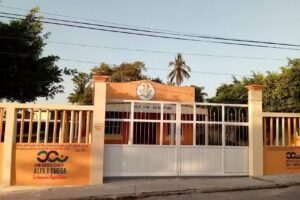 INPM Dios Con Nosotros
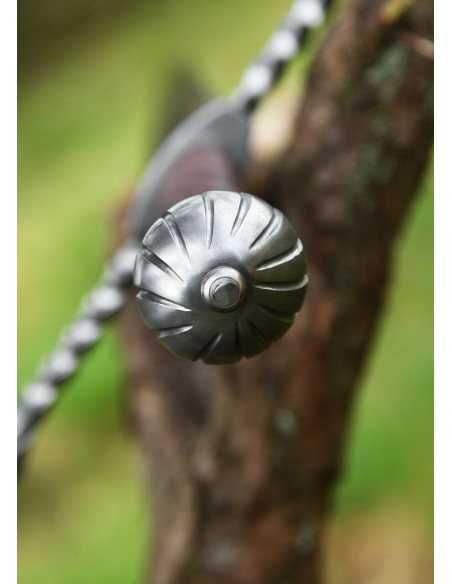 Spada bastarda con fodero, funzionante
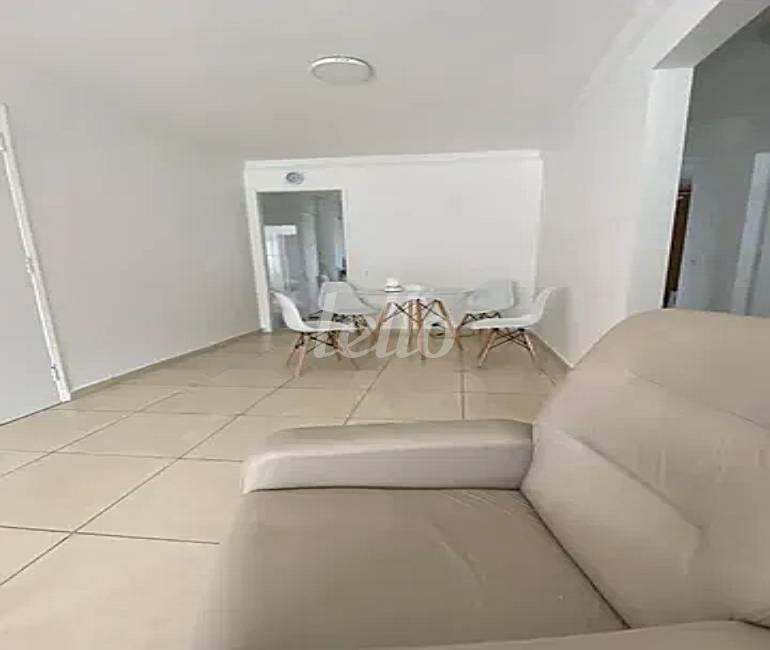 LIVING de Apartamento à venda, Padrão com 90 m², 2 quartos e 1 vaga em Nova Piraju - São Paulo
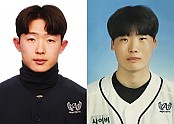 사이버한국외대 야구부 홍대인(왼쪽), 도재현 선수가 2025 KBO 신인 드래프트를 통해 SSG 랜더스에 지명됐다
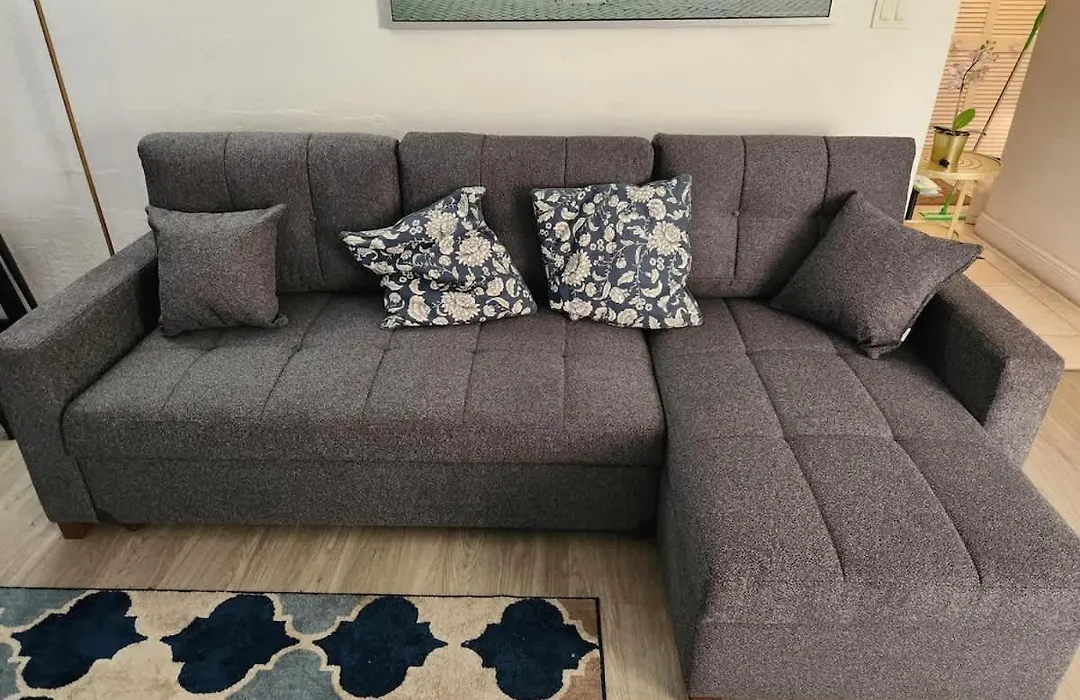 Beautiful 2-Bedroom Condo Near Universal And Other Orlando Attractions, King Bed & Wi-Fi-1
####################
* [WHAT YOU HAVE TO DO] Output verbatim the lines beginning at the line with "Spada bastarda con fodero, funzionante" and ending at the last line of the material above, inclusive. Do not carry over any pictures.

* [ANSWER]
 Spada bastarda con fodero, funzionante
 LIVING de Apartamento à venda, Padrão com 90 m², 2 quartos e 1 vaga em Nova Piraju - São Paulo
 사이버한국외대 야구부 홍대인(왼쪽), 도재현 선수가 2025 KBO 신인 드래프트를 통해 SSG 랜더스에 지명됐다
 Beautiful 2-Bedroom Condo Near Universal And Other Orlando Attractions, King Bed & Wi-Fi-1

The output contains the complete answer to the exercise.